(INPUT DATA Opens)

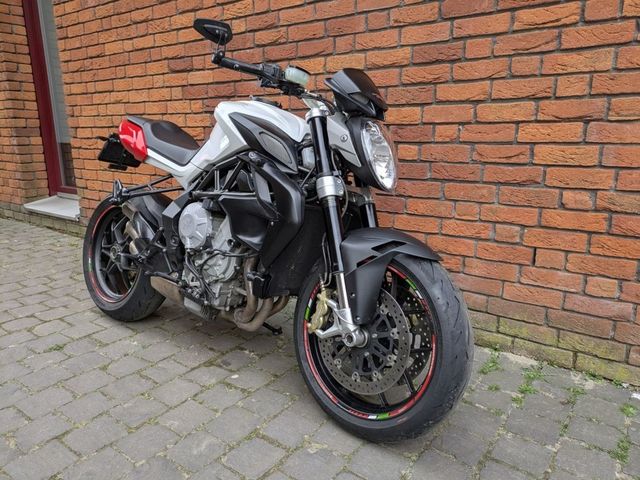mv-agusta - brutale-800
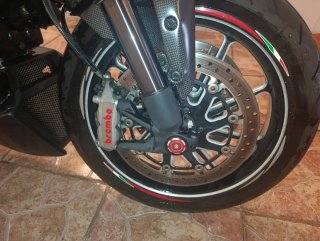 Ducati Diavel Carbon Negra Roja
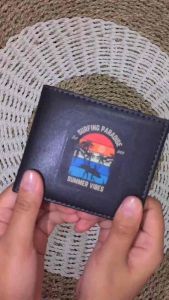 SUMMER VIBES Dompet Pria Koin Ritsleting Kulit PU dua Kali Lipat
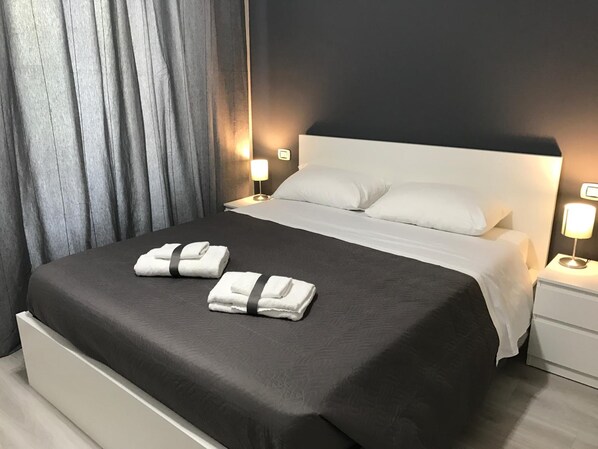 Bureau, lits bébé (en supplément), Wi-Fi gratuit, draps fournis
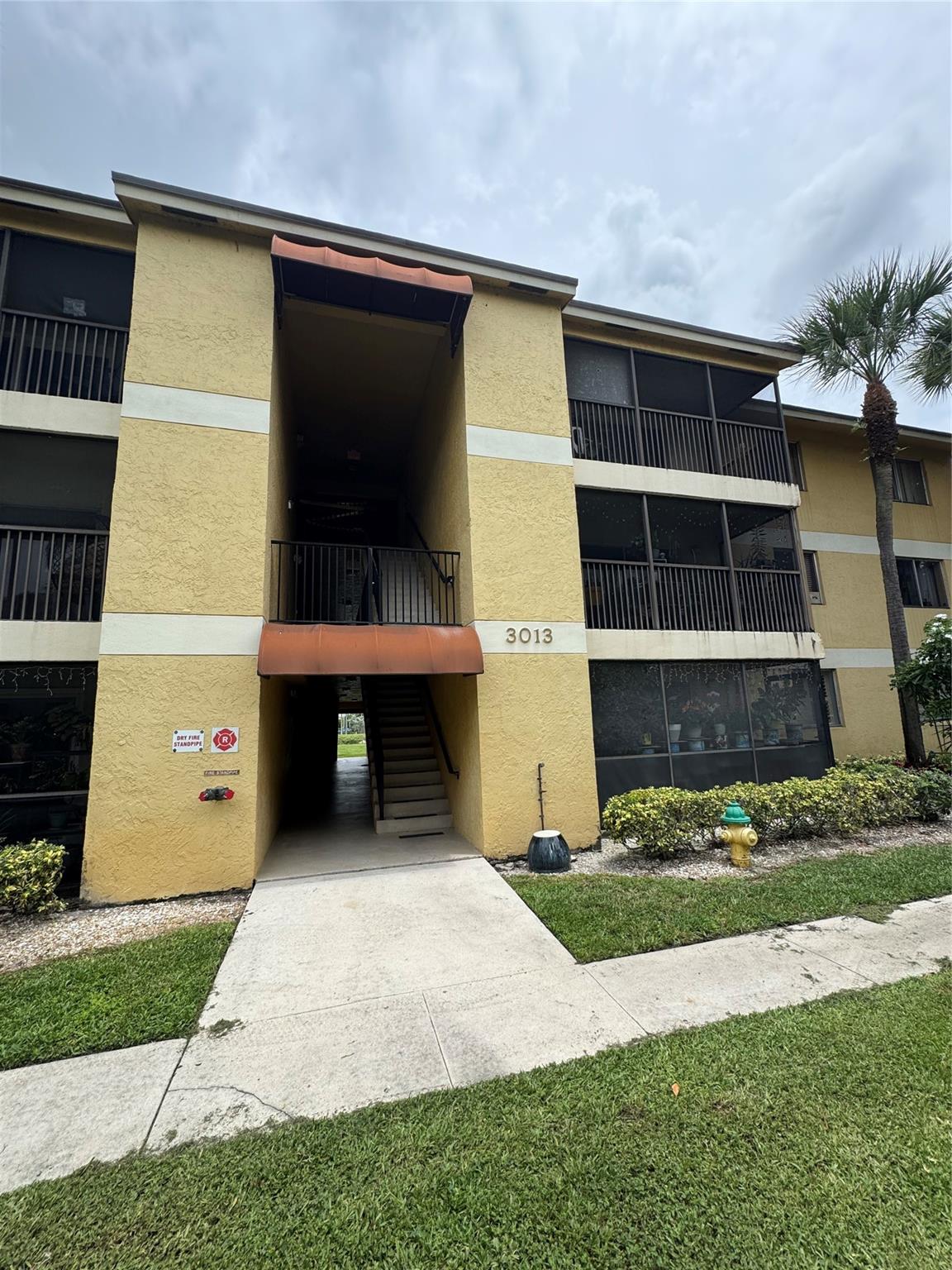 Priced CUT, owner want it sold!! Nice 2 bedroom 2 bath condo on 1st floor, located in the highly sought after community, Oakland Forest Club. Living room let to open screen patio, overlooking the main canal. Tile through out the unit. Oversized primary bedroom! Washer and dryer in unit. LOW HOA! Close proximity to all your favorite shopping and entertainment needs. Only a few min. to I 95. Water is not include in the HOA. only can show on Monday and Thursday.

(INPUT DATA Closes)

→ WHAT YOU SHOULD DO
Wherever an image appears, omit it, and retype everything else in the entries exactly.

→ RESPONSE AREA
mv-agusta - brutale-800
 Ducati Diavel Carbon Negra Roja
 SUMMER VIBES Dompet Pria Koin Ritsleting Kulit PU dua Kali Lipat
 Bureau, lits bébé (en supplément), Wi-Fi gratuit, draps fournis
 Priced CUT, owner want it sold!! Nice 2 bedroom 2 bath condo on 1st floor, located in the highly sought after community, Oakland Forest Club. Living room let to open screen patio, overlooking the main canal. Tile through out the unit. Oversized primary bedroom! Washer and dryer in unit. LOW HOA! Close proximity to all your favorite shopping and entertainment needs. Only a few min. to I 95. Water is not include in the HOA. only can show on Monday and Thursday.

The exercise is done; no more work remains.